Wednesday, December 31, 2008

In the Dead Vast Middle of the Night: I Am Become Hamlet

Last night I dreamed I was called in at the last minute to cover two nights of a run of Hamlet. As Hamlet. People seemed quite comfortable with this decision. And so did I until I showed up for call. Suddenly I was sporting a beard, sideburns, and heavy eyebrows. Next I was in a costume that was acres too large. I looked like I was playing dress-up in my dad's suit. Kind of fits, eh? The only thing that fit were my boots - my own trusty black boots that I wear every day during the winter.

No one seemed too eager to get started. The audience can wait they all said. Let's eat. There's a restaurant next door. We could walk right into the kitchen and later during the show, we made entrances from the side door of the restaurant. I would walk through all melancholy danish-like and get hit smack in the face with the delicious odors of roasted meats, sweet breads, and boiling stews. Which improved my disposition mightily.

The set was a long alleyway center stage that split off into a series of horse stalls going stages left and right. It was dark except once in awhile I'd get hit by a pinpoint spot or a flood of strips rising up from the floor aiming across me and then sweeping out towards the audience. Gertrude and Claudius were always onstage lounging on a couch in the center stage left stall. We talked without looking at each other. I'd start a line in the back of the house and walk forward declaiming it, then the response would come from somewhere around the stage wherever the actor I spoke to was positioned.

Lines: I started to panic. My mind was trying to recall Hamlet's lines from Act 1, scene 2 and then I'd get fearful and panicky and well you know the actor's nightmare thing. I came up with strategies for getting through - like scribbling key phrases on the set or stashing my script somewhere. Except, I really did know the lines once I was onstage, it was the reality of sleeping and not being able to remember that caused the panic. There were many pauses and the sense that we didn't sync up with each other. I was always out of time. No one complained. We were discovering something new together and people were patting me on the back - all very encouraging.

I was always aware that my suit didn't fit. That I was wearing a ridiculous beard. That my boots fit and felt comfortable. I was forever futzing with my left shirt cuff. It became a signature gesture. I always knew what I was doing was a performance and I performed without trying to become immersed, lost in Hamlet. I was always aware that we were connected to a restaurant and that there was another world of activity going on through that door downstage right. It was always dark but I could see the audience when I wanted. I knew what was going on outside of the theater - buses and cars and people searching for pianos. Later I left the performance and started searching the neighborhood for a place to hide. I had my 20 month old son with me and we had to be careful. We had to get home before dark when the vampires and the anti-terrorist units came out.

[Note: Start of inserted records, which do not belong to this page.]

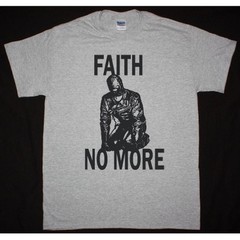 Faith No More Gimp New Sports Grey T-Shirt Short sleeve PA207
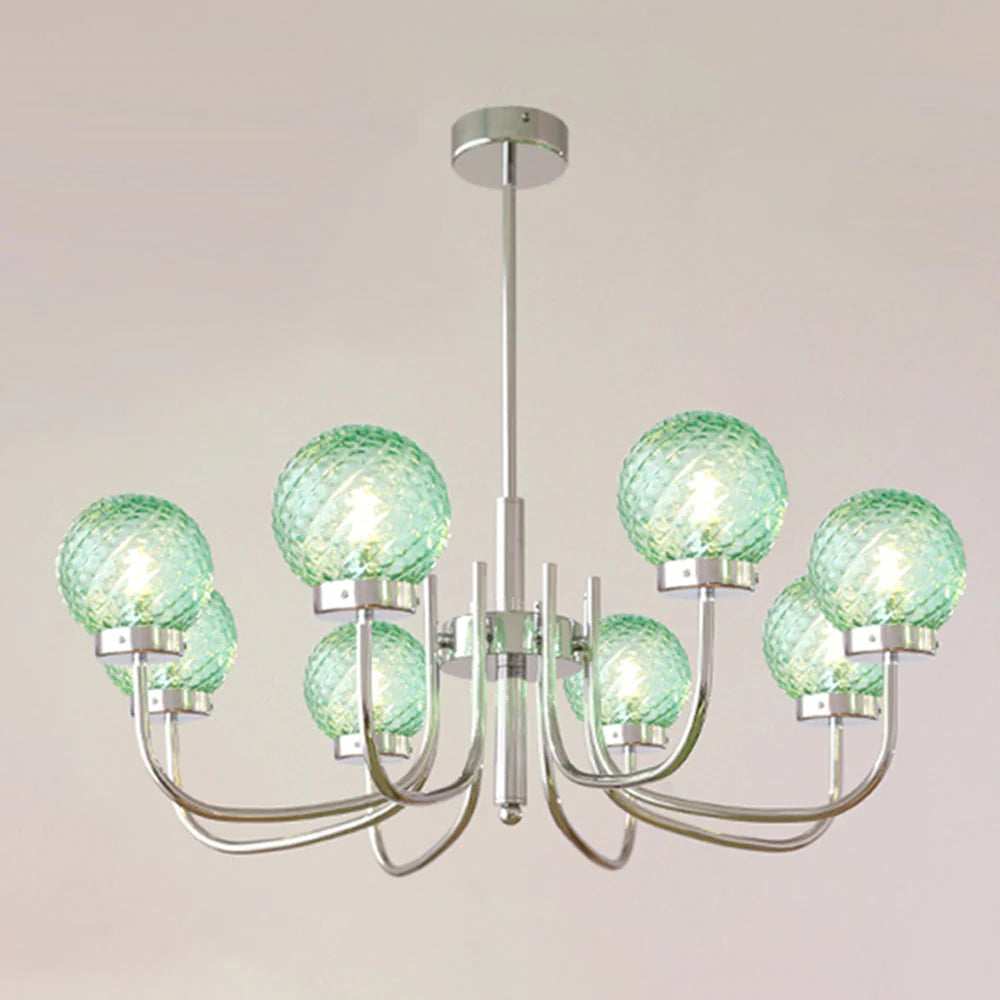 Valentina Fashion LED Pendant Light Glass/Metal Kitchen/Bedroom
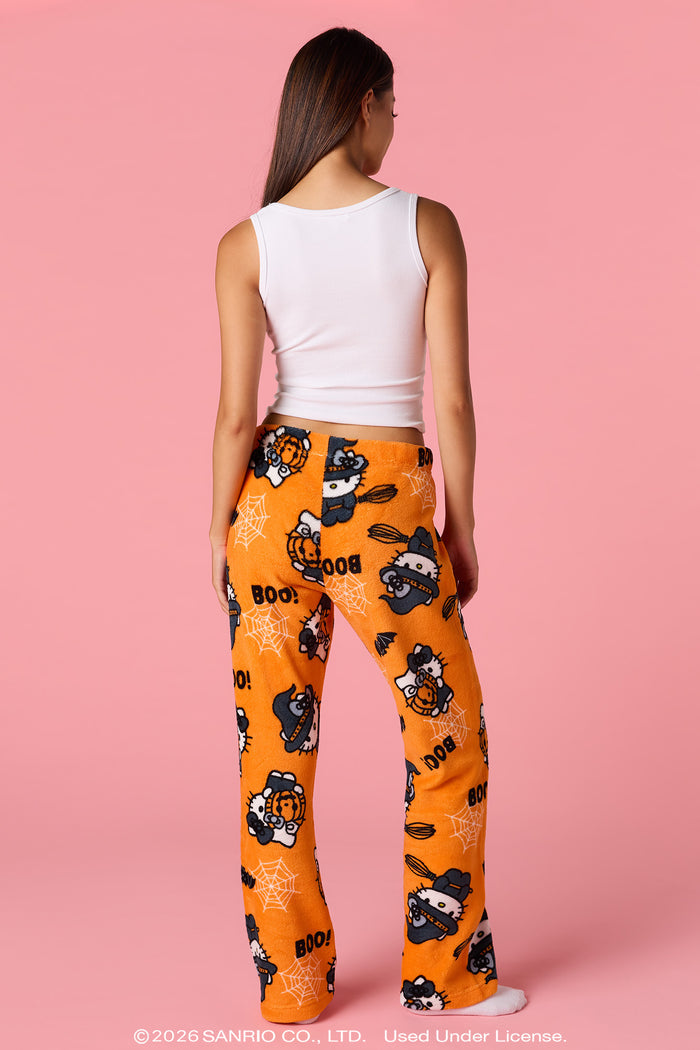 Hello Kitty® Halloween Plush Pajama Pant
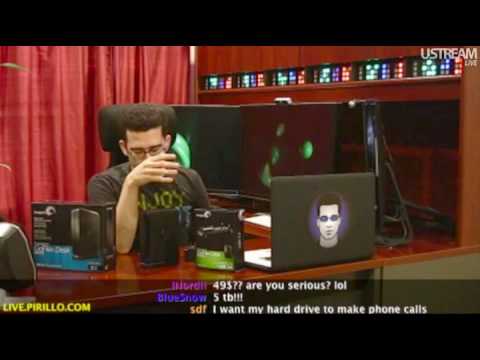 How Big is Your Hard Drive?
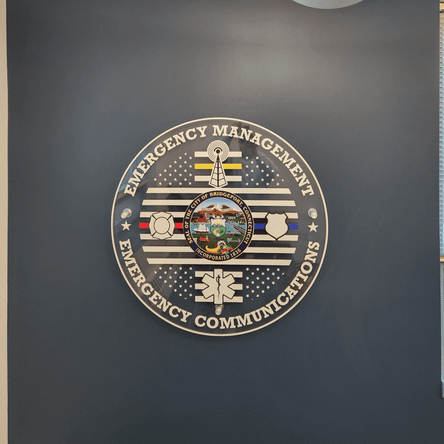 Emergency Management Dimensional Seal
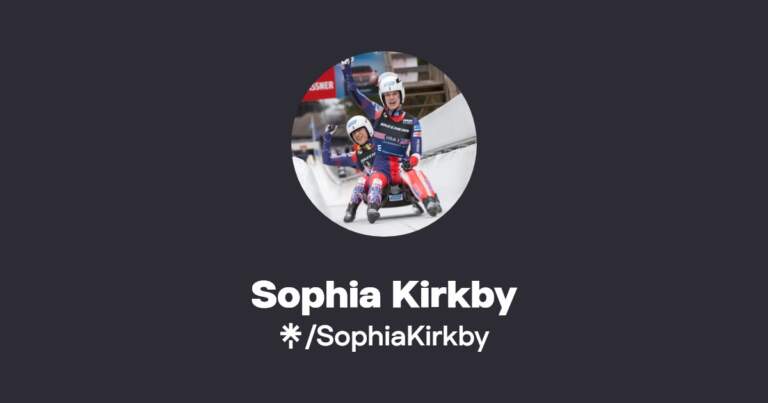 The Artistic Journey of Sophia Kirkby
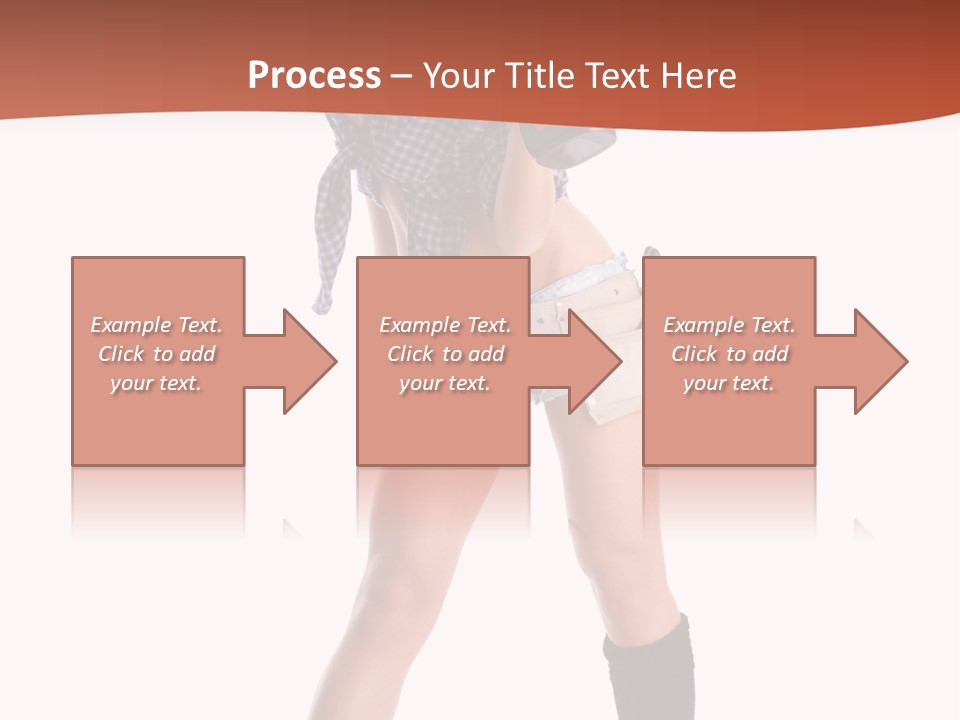 White Person Renovation PowerPoint Template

Last year I dreamed of Bill Murray and Karl Rove just before the New Year. This year it's Hamlet meets I Am Legend. I wonder if this dream has anything to do with my decision to pretend I'm Susan Sontag? Memory be green and the new year not yet minted.

It faded on the crowing of the cock.
Some say that ever 'gainst that season comes
Wherein our Saviour's birth is celebrated,
The bird of dawning singeth all night long:
And then, they say, no spirit dare stir abroad;
The nights are wholesome; then no planets strike,
No fairy takes, nor witch hath power to charm,
So hallow'd and so gracious is the time.